Ryota ha, una volta, scritto un romanzo di grande successo insignito anche di un prestigioso premio letterario ma da allora non è riuscito a combinare nient’altro. Tenta di sbarcare il lunario come detective privato per poi perdere il proprio denaro e quello degli amici che ancora gli fanno credito scommettendo sulle corse ciclistiche. Le uniche conversazioni che riesce ad avere con la ex moglie, di cui è ancora innamorato, riguardano gli alimenti arretrati per il loro figlio con cui ha sempre più difficoltà ad avere un rapporto naturale. I membri della famiglia sembrano quindi sempre più distanti gli uni dagli altri finché una tempesta non li costringerà a riavvicinarsi e ad accettarsi per ciò che sono.

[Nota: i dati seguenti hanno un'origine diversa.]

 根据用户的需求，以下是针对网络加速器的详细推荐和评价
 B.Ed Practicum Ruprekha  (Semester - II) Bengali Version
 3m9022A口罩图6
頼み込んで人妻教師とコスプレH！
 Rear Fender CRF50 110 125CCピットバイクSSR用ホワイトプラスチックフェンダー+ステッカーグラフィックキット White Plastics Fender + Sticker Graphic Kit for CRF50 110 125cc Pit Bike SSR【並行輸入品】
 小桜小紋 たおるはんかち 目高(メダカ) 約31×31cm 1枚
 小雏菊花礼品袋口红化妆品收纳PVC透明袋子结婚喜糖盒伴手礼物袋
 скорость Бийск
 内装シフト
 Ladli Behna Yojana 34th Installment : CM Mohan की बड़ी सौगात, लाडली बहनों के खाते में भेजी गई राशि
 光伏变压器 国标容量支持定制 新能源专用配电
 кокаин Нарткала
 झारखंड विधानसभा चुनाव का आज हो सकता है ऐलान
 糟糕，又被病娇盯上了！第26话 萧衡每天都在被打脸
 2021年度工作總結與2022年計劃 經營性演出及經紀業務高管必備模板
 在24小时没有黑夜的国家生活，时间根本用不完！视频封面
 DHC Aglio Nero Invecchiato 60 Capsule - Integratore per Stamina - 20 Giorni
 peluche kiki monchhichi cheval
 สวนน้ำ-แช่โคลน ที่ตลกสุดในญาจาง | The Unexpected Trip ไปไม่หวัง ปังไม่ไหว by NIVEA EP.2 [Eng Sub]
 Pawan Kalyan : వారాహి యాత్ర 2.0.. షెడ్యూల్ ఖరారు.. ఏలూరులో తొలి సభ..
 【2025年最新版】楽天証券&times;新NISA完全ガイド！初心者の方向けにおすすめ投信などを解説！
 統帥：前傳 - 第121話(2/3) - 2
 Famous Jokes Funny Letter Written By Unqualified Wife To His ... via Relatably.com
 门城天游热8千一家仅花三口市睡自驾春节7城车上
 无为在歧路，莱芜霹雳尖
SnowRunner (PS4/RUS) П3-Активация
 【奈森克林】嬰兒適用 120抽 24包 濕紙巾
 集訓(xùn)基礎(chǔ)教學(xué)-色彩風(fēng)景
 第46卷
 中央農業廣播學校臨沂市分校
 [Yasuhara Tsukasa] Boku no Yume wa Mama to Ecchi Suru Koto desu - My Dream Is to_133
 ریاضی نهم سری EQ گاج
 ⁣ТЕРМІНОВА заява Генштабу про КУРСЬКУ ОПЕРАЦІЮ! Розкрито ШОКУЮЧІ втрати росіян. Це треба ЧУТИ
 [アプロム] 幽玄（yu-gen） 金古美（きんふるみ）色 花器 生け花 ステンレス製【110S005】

Hirokazu Kore’eda è un autore delle sfumature dell’animo interiore e sembra ormai specializzato nel portare sul grande schermo drammi familiari, ricordiamo i film Nessuno lo sa e Father and Son, entrambi premiati al Festival di Cannes. Ritratto di famiglia con tempesta non è da meno ed esplora ancora una volta le ferite causate dalla relazione padre-figli: accolto in maniera entusiasta sia dalla critica che dal pubblico, ha infatti girato il mondo in diversi festival.

Kore’eda riesce ancora una volta a dipingere in maniera delicata e sensibile il ritratto di un padre avvilito e disilluso che però non è ancora pronto ad arrendersi alla perdita della propria famiglia. La morte del padre di Ryota, premessa iniziale del film, viene affrontata in maniera peculiare, come fosse un pretesto per permettere al protagonista di far fronte alle proprie mancanze come padre in un costante paragone con il proprio genitore. Nessuno sembra infatti piangere davvero la sua morte ma tutti si ritrovano a dover affrontare la vita senza la sua imponente presenza.

Il regista dirige in maniera sicura ed intelligente un cast all’altezza del suo talento, capitanato da Hiroshi Abe che riesce ad interpretare in maniera dolce e a tratti comica il ruolo di un padre che è prima di tutto un essere umano con i suoi difetti e le sue debolezze. Ryota, infatti, si ritrova ad interrogarsi sulle scelte e sugli errori compiuti durante la sua vita, terrorizzato all’idea di essere diventato come suo padre e di essersene accorto troppo tardi per rimediare.

Ritratto di famiglia con tempesta è un film dolce e al tempo stesso spietato sulla capacità di perdonare e perdonarsi, un film che racconta tanto dicendo poco, dove si sottrae l’utilizzo della parola, in uno spaccato temporale limitato nella vita di un uomo e delle persone che lo circondano.